Sebagai payung hukum, sejumlah hal penting diatur dalam Undang-undang No. 23 Tahun 2004 tentang Penghapusan Kekerasan Dalam Rumah Tangga termasuk terobosan hukum dalam melindungi korban KDRT. Pada bagian pertimbangan Undang-undang disebutkan sejumlah alasan lahirnya Undang-undang ini, yaitu bahwa
1.       Setiap warga negara berhak mendapatkan rasa aman dan bebas dari segala bentuk kekerasan sesuai dengan falsafah Pancasila dan UUD 1945;
2.      Segala bentuk kekerasan, terutama KDRT, merupakan pelanggaran HAM dan kejahatan terhadap martabat kemanusiaan serta bentuk diskriminasi yang harus dihapus;
3.      Korban KDRT, yang kebanyakan adalah perempuan, harus mendapat perlindungan dari negara dan/atau masyarakat agar terhindar dan terbebas dari kekerasan atau ancaman kekerasan. Penyiksaan atau perlakuan yang merendahkan derajat dan martabat kemanusiaan.

Dalam kenyataannya kasus KDRT banyak terjadi, sedangkan sistem hukum di Indonesia belum menjamin perlindungan terhadap korban KDRT. Dari sini jelas bahwa Undang-Undang ini memberikan konsekuensi bahwa segala bentuk kekerasan terutama KDRT, merupakan pelanggaran HAM dan karena korban harus mendapatkan perlindungan dari negara dan/atau masyarakat. Dengan demikian Undang-Undang ini menjadi tonggak diterobosnya batas domestik-publik dalam penegakan HAM di Indonesia dan menegaskan kembali peran negara dalam menegakkan HAM. Dari pengertian tersebut, UU ini menjabarkan bentuk KDRT, yaitu kekerasan fisik, psikis, seksual dan penelantaran rumah tangga.
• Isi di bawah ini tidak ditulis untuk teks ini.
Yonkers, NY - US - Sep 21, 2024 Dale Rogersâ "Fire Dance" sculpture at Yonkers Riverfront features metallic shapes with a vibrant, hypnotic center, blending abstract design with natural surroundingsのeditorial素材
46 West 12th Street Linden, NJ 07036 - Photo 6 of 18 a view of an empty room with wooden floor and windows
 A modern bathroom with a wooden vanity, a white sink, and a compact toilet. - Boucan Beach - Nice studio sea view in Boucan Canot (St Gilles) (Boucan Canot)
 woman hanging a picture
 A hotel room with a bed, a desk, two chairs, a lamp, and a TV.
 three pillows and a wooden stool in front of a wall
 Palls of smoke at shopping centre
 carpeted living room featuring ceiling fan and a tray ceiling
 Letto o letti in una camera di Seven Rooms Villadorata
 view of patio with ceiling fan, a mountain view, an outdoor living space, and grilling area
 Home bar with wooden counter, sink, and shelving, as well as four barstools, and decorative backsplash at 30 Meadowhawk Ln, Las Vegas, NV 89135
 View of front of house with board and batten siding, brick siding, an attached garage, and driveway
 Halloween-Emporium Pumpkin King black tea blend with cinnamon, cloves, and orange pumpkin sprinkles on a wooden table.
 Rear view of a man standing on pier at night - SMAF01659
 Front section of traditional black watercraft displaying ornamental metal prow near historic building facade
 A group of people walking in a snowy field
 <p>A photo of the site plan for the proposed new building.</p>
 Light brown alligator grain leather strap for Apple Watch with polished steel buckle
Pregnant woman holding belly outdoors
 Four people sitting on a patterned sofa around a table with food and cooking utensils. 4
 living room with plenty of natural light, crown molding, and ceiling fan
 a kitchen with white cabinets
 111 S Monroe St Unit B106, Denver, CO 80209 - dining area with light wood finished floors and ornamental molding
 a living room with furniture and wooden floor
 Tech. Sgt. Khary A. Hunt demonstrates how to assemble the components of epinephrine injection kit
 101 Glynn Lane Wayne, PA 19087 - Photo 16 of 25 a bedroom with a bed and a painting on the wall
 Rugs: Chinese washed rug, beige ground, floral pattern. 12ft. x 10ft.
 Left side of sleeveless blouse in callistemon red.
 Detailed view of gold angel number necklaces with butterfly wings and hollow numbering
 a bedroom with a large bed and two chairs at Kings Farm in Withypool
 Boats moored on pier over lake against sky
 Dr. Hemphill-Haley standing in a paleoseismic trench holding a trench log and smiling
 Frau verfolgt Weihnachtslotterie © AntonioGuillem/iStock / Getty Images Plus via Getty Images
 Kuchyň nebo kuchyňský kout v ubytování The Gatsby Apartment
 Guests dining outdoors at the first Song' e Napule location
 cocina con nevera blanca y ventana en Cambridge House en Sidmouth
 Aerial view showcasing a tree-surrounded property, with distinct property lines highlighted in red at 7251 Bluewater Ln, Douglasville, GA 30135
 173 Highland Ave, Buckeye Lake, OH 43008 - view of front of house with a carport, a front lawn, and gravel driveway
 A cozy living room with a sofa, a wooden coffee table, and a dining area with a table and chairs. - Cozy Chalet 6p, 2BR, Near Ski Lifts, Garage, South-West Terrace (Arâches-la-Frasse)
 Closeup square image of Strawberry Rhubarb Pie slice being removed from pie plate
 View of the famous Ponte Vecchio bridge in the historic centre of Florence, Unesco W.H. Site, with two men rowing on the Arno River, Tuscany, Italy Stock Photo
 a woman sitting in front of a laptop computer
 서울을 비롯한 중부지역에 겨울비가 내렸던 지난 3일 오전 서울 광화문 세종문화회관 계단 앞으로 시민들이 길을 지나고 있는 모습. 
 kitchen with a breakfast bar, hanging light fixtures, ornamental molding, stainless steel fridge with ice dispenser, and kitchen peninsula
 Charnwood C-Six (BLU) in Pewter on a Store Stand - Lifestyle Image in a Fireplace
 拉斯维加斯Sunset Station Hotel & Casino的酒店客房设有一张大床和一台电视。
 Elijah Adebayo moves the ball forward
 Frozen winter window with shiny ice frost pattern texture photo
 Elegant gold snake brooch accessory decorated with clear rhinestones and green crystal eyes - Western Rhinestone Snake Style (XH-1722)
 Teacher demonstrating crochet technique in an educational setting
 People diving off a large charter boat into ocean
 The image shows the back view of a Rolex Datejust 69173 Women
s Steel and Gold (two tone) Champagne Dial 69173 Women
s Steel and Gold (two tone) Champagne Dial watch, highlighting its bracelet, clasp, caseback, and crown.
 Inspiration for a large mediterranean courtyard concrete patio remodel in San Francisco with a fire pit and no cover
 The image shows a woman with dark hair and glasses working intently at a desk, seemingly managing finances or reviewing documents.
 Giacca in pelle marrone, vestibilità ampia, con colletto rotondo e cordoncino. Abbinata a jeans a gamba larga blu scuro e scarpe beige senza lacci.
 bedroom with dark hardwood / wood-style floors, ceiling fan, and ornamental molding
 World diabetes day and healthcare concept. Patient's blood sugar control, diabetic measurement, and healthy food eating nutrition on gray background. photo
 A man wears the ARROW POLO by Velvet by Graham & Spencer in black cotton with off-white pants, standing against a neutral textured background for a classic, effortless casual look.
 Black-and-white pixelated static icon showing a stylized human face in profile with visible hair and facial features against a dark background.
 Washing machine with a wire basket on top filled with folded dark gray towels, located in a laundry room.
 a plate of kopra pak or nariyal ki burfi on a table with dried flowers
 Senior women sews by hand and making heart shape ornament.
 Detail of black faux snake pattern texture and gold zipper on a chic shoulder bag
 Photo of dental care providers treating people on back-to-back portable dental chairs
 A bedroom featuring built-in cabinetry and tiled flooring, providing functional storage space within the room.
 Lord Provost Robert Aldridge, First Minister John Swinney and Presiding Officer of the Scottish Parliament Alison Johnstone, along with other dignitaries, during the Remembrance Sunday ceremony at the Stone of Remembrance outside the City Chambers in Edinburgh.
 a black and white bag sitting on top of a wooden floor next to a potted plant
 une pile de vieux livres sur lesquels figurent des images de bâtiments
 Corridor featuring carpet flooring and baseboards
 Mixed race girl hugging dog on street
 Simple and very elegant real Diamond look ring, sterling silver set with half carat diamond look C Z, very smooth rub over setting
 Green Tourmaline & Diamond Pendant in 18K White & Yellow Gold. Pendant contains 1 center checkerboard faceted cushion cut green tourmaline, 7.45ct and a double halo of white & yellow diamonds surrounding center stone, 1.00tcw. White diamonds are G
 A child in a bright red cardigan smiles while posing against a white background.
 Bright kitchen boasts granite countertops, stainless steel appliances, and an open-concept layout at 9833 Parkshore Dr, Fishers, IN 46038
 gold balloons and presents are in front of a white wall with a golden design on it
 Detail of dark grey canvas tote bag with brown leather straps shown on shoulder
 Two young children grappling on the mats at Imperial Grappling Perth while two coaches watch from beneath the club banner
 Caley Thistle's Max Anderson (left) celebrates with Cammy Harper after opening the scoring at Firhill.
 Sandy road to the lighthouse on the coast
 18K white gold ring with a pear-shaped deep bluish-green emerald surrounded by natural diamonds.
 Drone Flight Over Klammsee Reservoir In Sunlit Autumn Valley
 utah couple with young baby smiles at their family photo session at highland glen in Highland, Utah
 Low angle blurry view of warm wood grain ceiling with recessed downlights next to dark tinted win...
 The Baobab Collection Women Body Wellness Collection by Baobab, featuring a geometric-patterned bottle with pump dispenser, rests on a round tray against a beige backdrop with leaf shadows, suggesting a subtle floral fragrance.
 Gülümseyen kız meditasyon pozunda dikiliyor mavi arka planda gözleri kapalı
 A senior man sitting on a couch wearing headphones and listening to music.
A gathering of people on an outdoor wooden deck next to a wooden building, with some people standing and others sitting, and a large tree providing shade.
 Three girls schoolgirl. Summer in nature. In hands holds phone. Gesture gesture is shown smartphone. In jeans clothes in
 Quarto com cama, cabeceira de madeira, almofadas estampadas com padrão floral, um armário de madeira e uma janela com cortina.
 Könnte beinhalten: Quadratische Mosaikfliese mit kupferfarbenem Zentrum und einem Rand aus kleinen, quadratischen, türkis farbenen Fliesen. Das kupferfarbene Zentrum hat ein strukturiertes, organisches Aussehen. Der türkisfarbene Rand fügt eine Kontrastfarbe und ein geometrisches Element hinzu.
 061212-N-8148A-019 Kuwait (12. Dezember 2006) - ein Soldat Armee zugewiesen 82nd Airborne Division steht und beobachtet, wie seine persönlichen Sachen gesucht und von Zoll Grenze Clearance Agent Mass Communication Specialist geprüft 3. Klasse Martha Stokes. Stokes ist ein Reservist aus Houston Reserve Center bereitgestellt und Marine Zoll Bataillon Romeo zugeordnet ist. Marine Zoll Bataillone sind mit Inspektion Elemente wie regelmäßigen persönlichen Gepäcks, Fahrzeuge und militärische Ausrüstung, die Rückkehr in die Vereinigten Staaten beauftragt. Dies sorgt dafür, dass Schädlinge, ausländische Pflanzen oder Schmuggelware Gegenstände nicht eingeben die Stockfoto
6.     UPAYA PEMULIHAN DAN PREVENTIF
Beberapa upaya/langkah pemulihan dan preventif terhadap kekerasan terhadap perempuan dan KDRT adalah:
  1. Dharma Wanita/BKOW atau LSM yang perduli pada perempuan
ü  Membuka HOTLINE sebagai wadah curhat dan konsultasi para korban kekerasan.
ü  Mengkoordinir suatu wadah atau asosiasi para korban kekerasan. Wadah seperti ini mengadakan pertemuan secara rutin untuk bertukar pikiran, berdiskusi, dan sharing tentang berbagai masalah yangdihadapi dan bagaimana jalan keluar yang baik dari masalah yang dihadapi oleh perempuan.
  1. Menjalin hubungan keluarga yang harmonis dan terbuka antara suami-istri-anak dan keluarga lainya.
  2. Menanamkan nilai-nilai agama
  3. Perempuan harus berani dan tegas dalam menghadapi laki-laki agar mereka merasa segan pada perempuan
  4. Kendatipun suami dan isteri sama-sama sibuk, cobalah beri perhatian pada anak-anak dan luangkan waktu untuk berdiskusi dan bercanda dalam keluarga
  5. Jangan menghadapi masalah dalam rumah tangga dengan emosi, atau menaruh curiga yang berlebihan pada istri/suami.
  6. Bila salah satu pasangan sedang marah/emosi, sebaiknya yang lain menggunakan ilmu Silence is golden, baru kemudian diskusikannya pada saat-saat yang memungkinkan.